More than 1,200 people rescued off Spanish coast in two days
Spain said on Saturday it had rescued more than 1,200 people from the sea in two days as the country's interior minister called for a Europe-wide solution to illegal immigration.
Fernando Grande-Marlaska said he had now seen "on the ground, the problems that exist, the problem of immigration which is a European problem which requires a European solution," after a visit to the southwestern Cadiz region.
The minister was on a fact-finding visit to learn how police and the Red Cross are dealing with the influx of migrants.
Earlier Saturday, the maritime rescue service said on Twitter it had rescued 334 people from 17 boats. On Friday, coastguards picked up 888 people in a single day.

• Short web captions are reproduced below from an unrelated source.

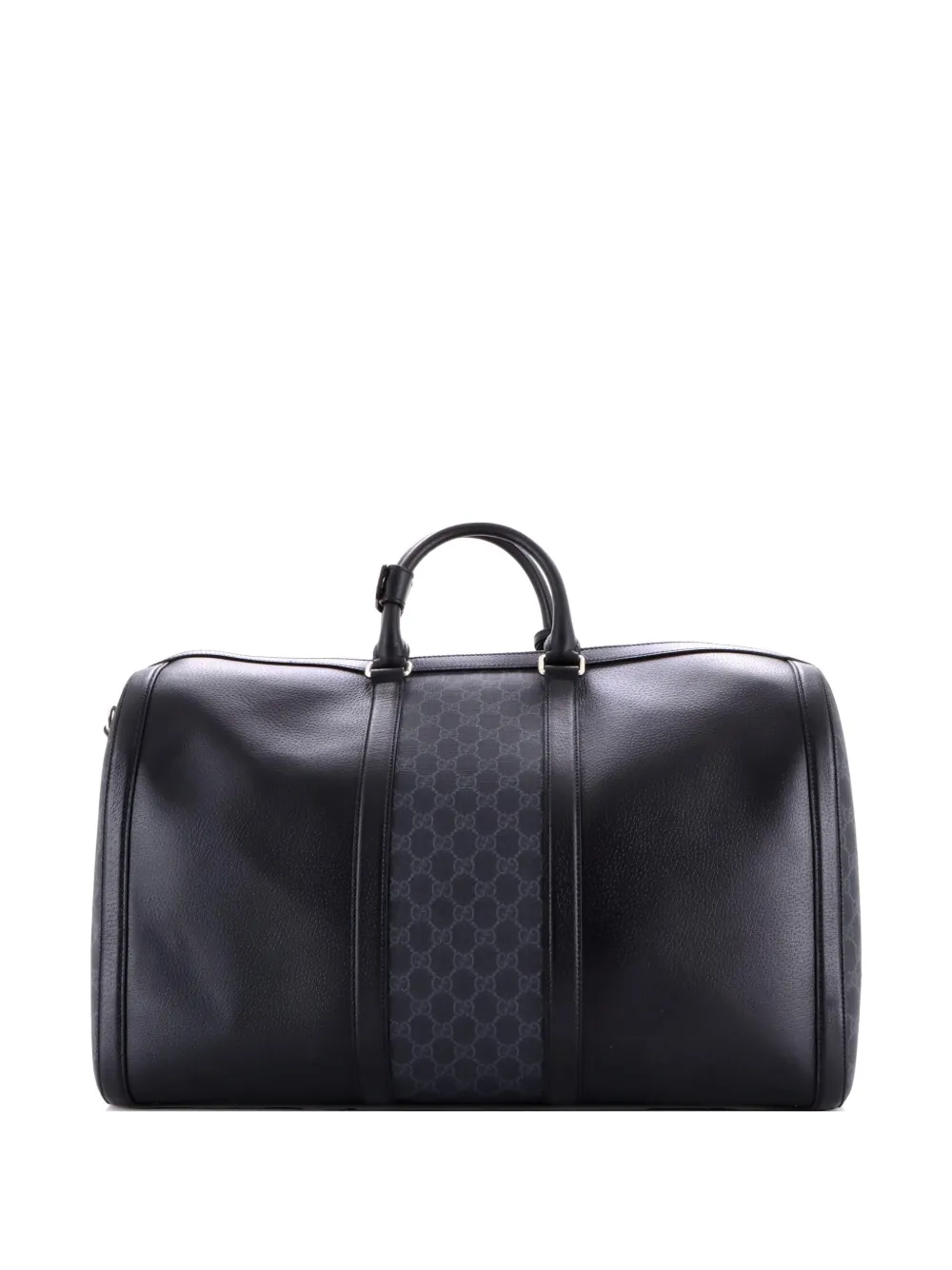 Pre-owned Gucci Convertible Duffle Backpack Gg Coated Canvas And Leather Medium Travel Bag In Black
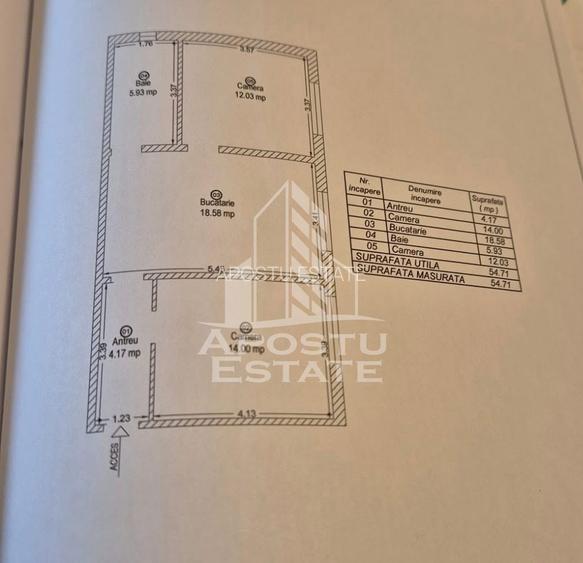 Apartament cu 2 camere de vanzare, centrala proprie, zona Lipovei - 8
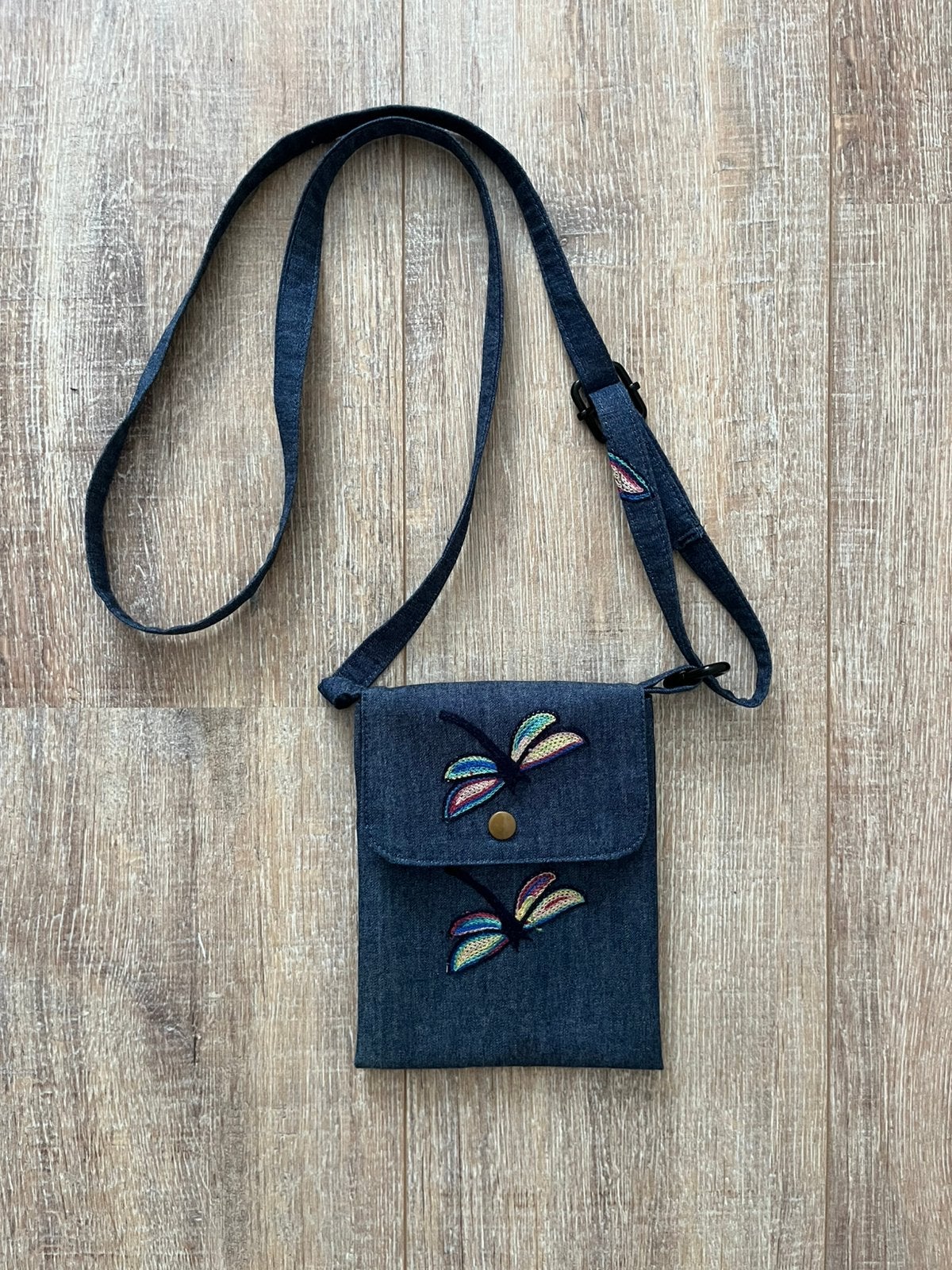 Denim schoudertasje – butterfly, Ophalen of Verzenden, Nieuw, Blauw, Schoudertasje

More than 1.2 million migrants, many of them fleeing civil war in Syria, sectarian violence in Iraq or a resurgent Taliban in Afghanistan, arrived in Europe in 2015 and 2016. Last year the overall number dropped to little more than 700,000, according to Eurostat, Deutsche Welle reported. So far this year, just 55,000 migrants have arrived in Europe, less than half the number at this time last year, according to the UN migration agency.
Grande-Marlaska said the Spanish government was working against the clock to open "a centre" in the port of Andalusia with room for 600 people.

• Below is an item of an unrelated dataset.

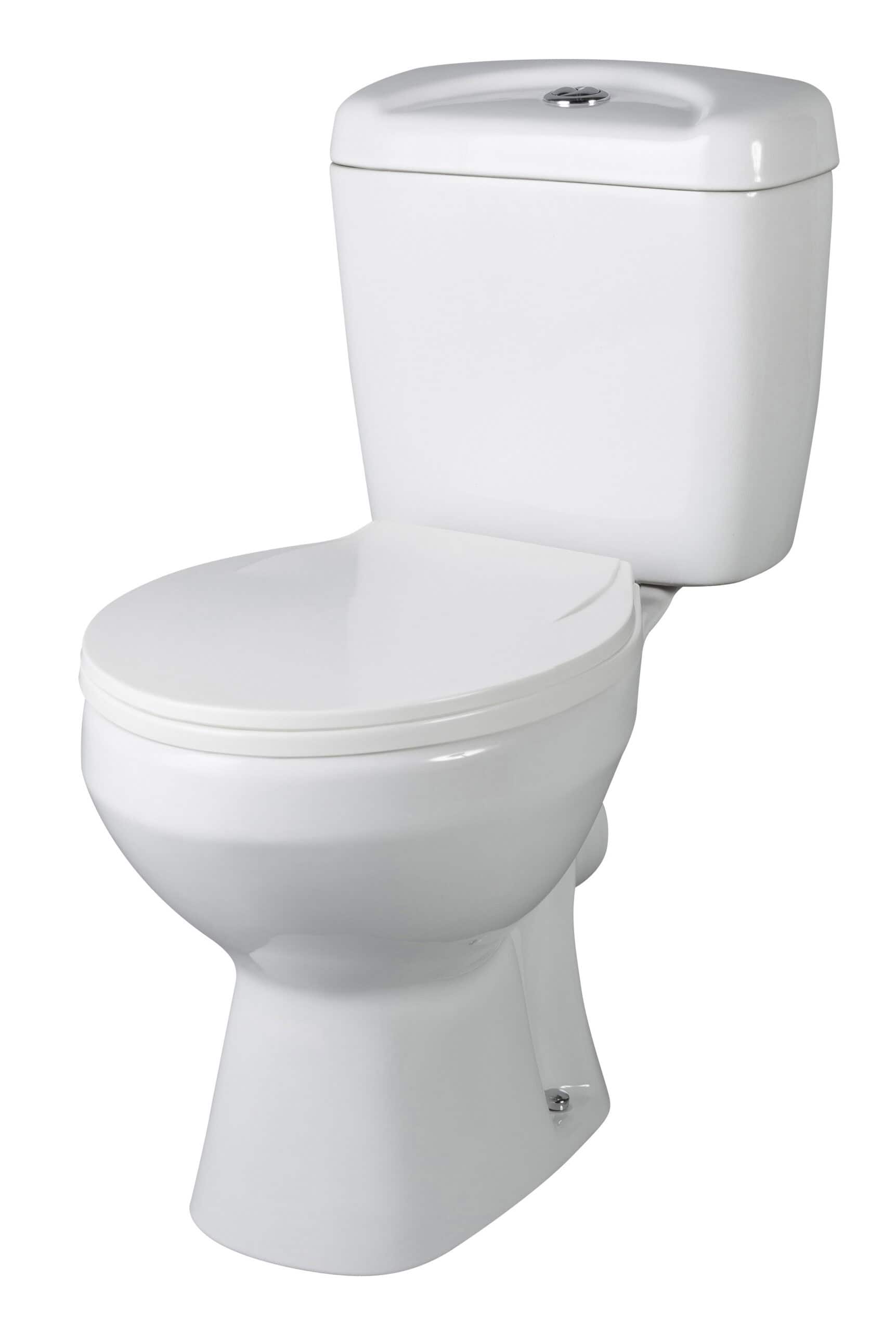 Sleek white toilet with modern design, ideal for contemporary bathrooms, featuring easy-to-clean ceramic surface. Perfect for bathroom renovation or upgrade projects.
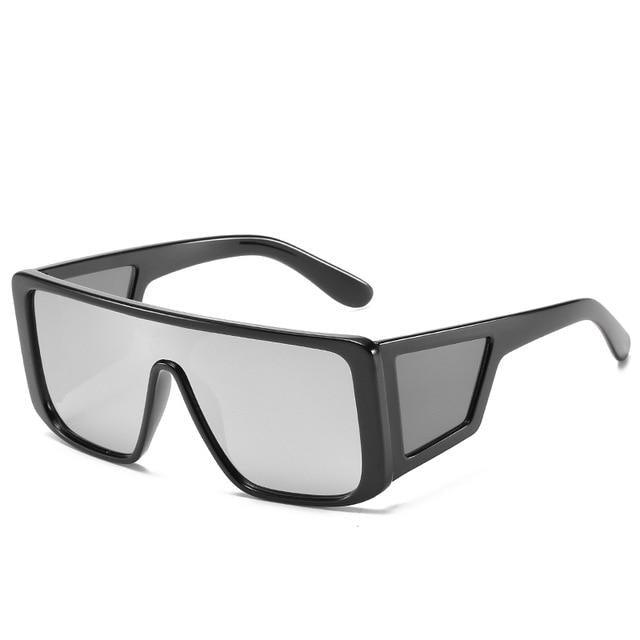 Stevvex Oversized Flat Top Square Sunglasses – Colorful UV400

Earlier this week, more than 600 African migrants reached the Spanish territory of Ceuta after storming a double border fence with Morocco and attacking police.

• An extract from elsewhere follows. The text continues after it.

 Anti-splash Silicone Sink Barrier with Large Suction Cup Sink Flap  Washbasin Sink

The scramble over the barbed wire-decked barrier on Thursday was the biggest in Ceuta since February 2017, when more than 850 migrants entered the Spanish overseas territory over four days.
The incident further increases pressure on Spain, which has now surpassed Italy as the number one destination for migrants crossing the Mediterranean by boat.
More than 19,580 people have landed on Spanish shores so far this year, according to the International Organization for Migration.
Tunisia takes in 40 people
Tunisia on Saturday said it would take in 40 people, including two pregnant women, rescued by a commercial vessel.
The ship, the Sarost 5, a Tunisian flagged supply boat, has been blocked for two weeks from docking off Zarzis in southern Tunisia.
"For humanitarian reasons, we will accept the 40 migrants," Prime Minister Youssef Chahed said in parliament.
The African migrants, five of whom are women, set off from Libya and were lost at sea for five days before being spotted.